------ Available data

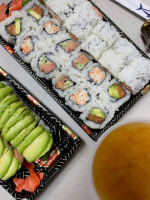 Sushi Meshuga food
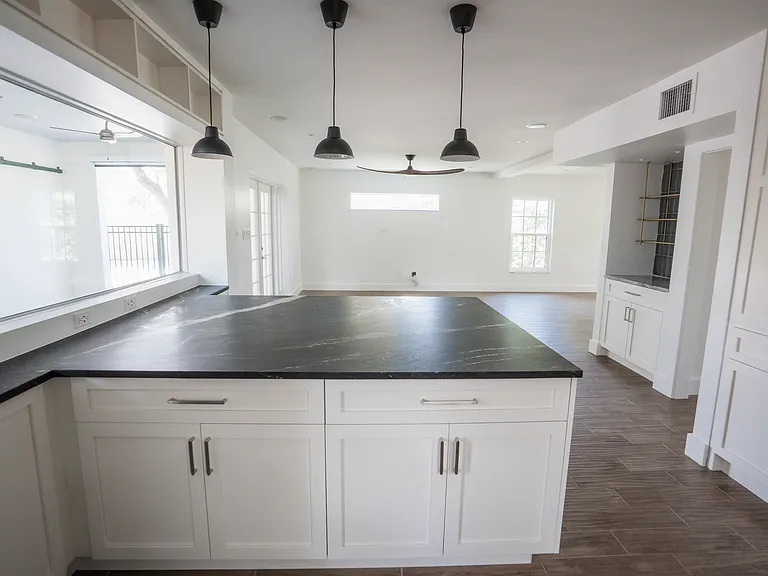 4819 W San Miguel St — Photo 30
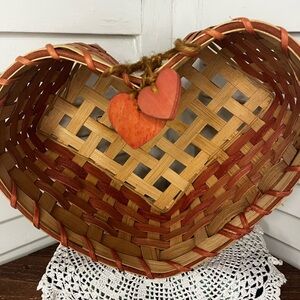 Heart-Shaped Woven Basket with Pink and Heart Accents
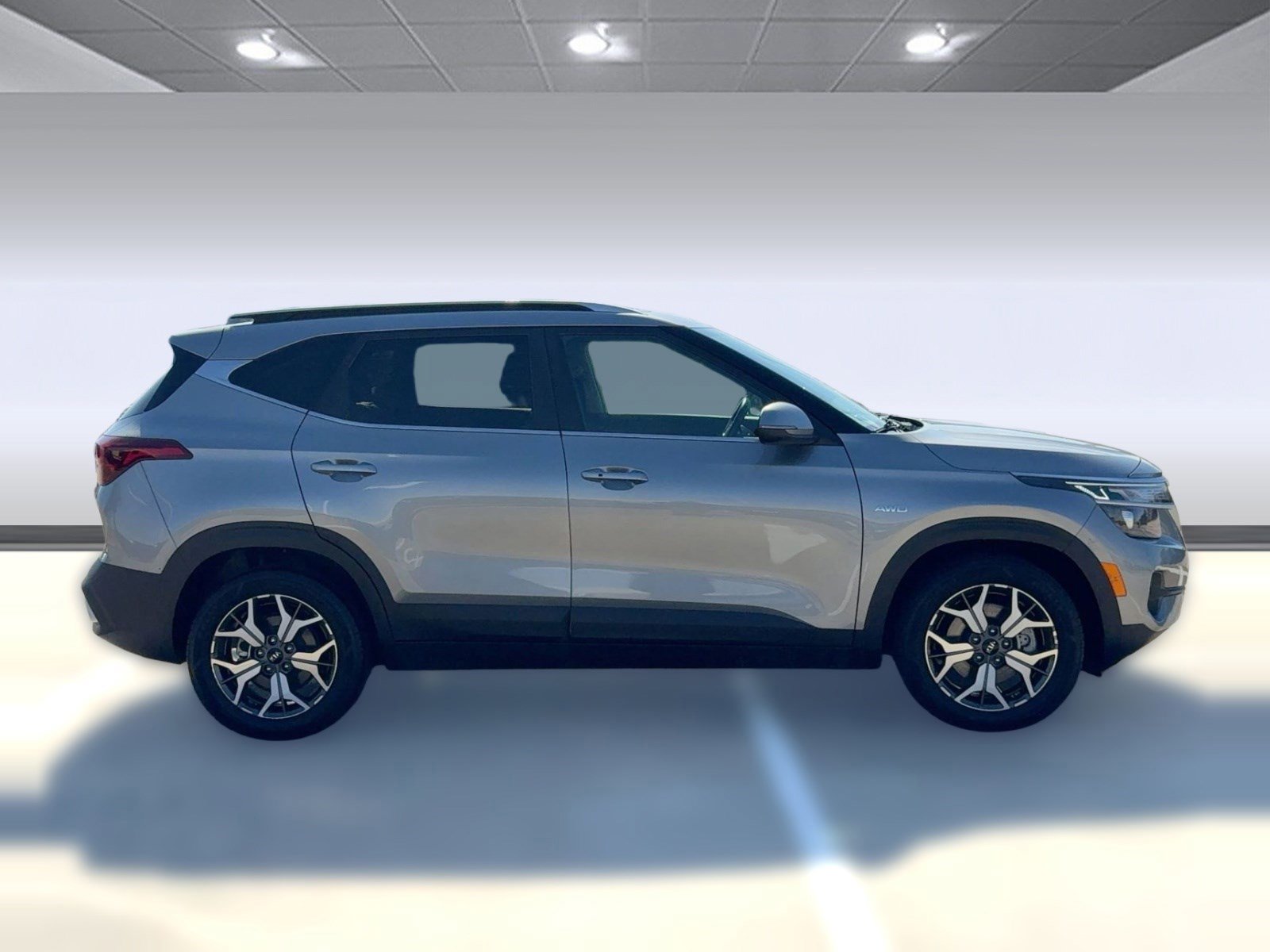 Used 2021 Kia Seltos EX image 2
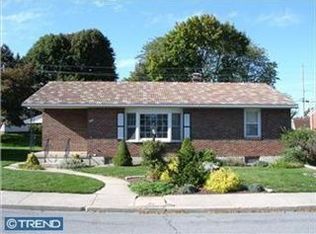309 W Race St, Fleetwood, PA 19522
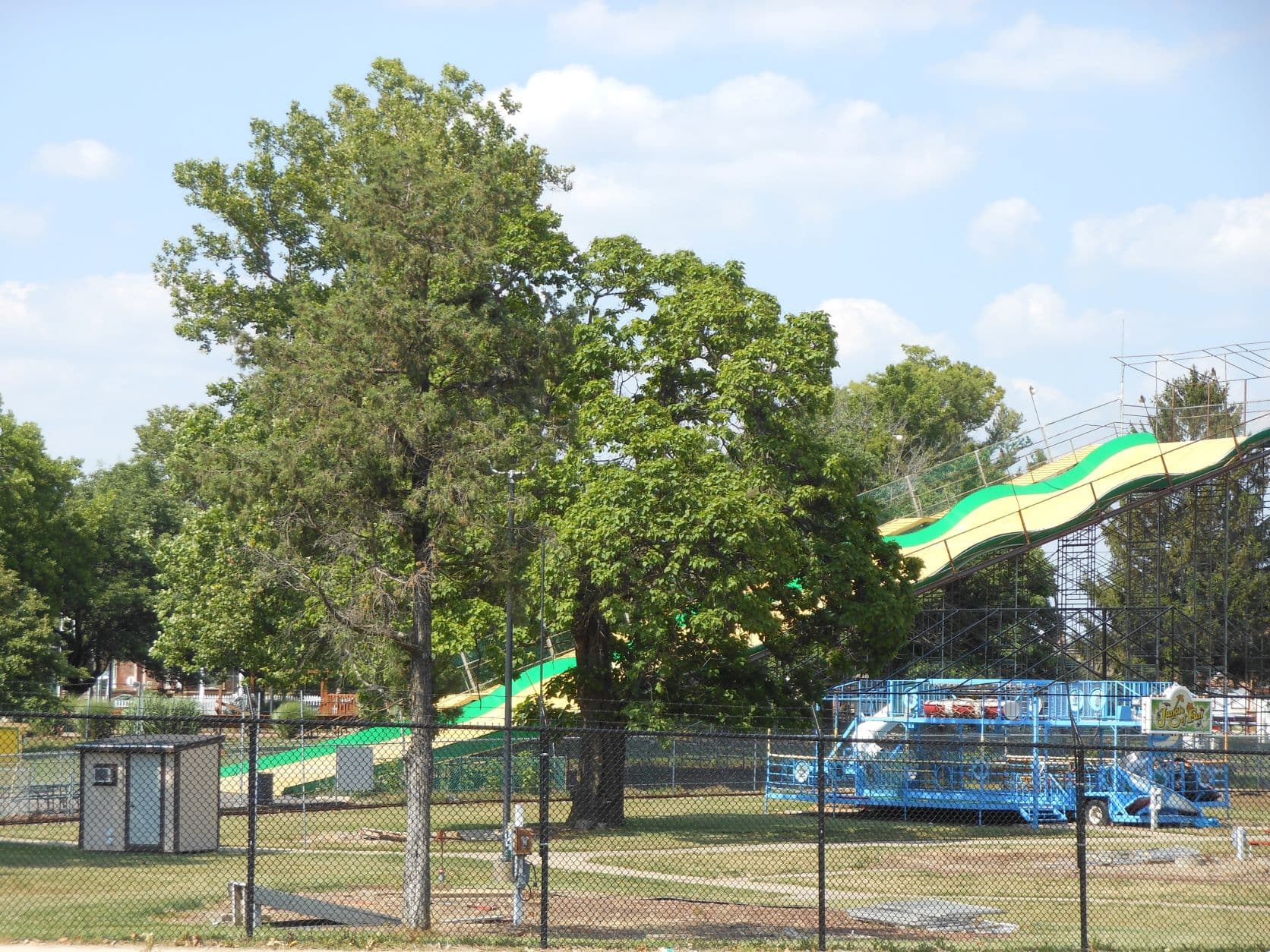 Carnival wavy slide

------------
------ Available data

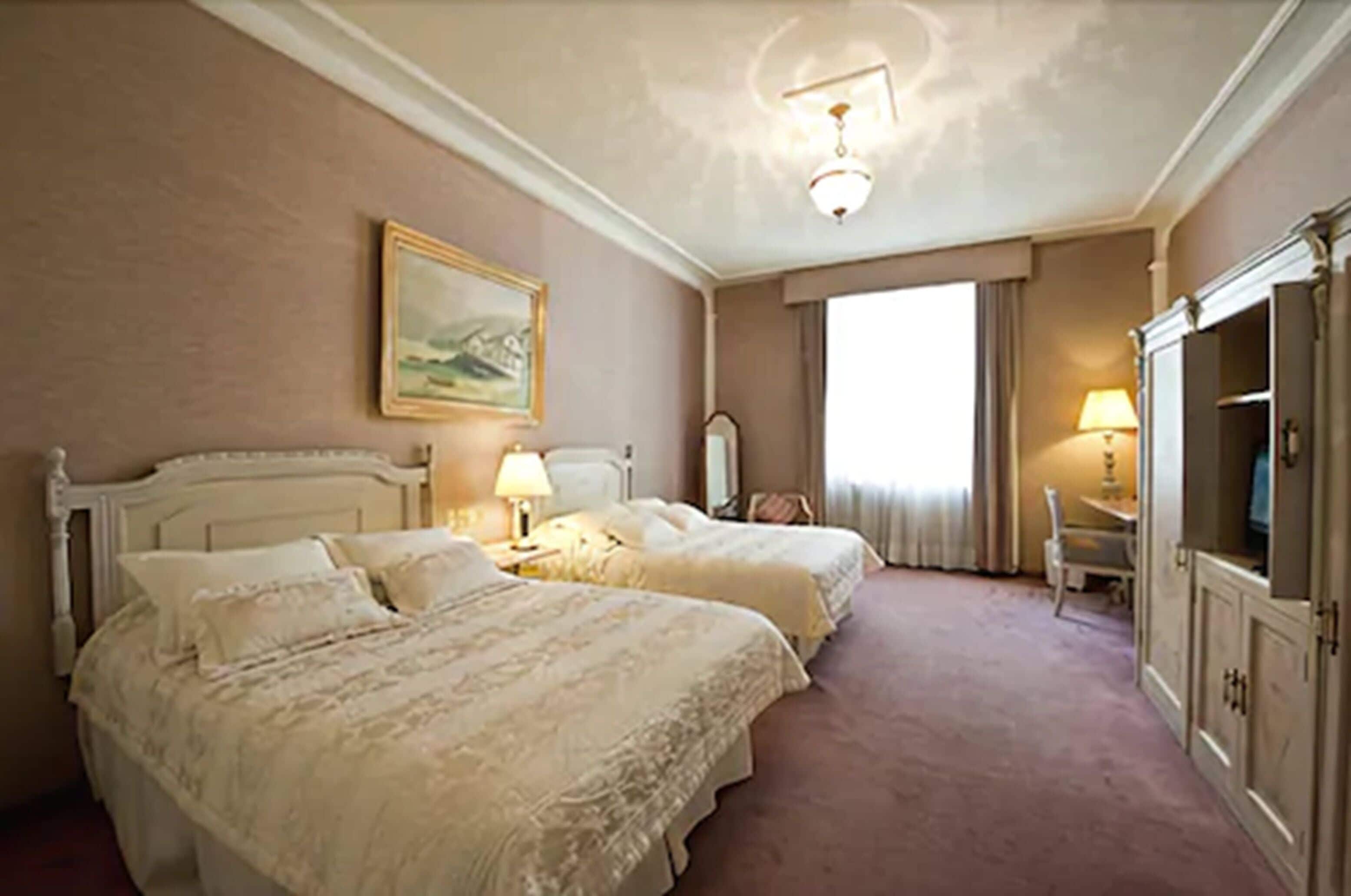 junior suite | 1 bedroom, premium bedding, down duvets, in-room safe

------------

• Work instructions
From the listing above, please give again the lines that begin with the line holding "Used 2021 Kia Seltos EX image 2" and go on through the line holding "Carnival wavy slide", exactly, both ends included, minus any picture.

• Solution to this problem
 Used 2021 Kia Seltos EX image 2
309 W Race St, Fleetwood, PA 19522
 Carnival wavy slide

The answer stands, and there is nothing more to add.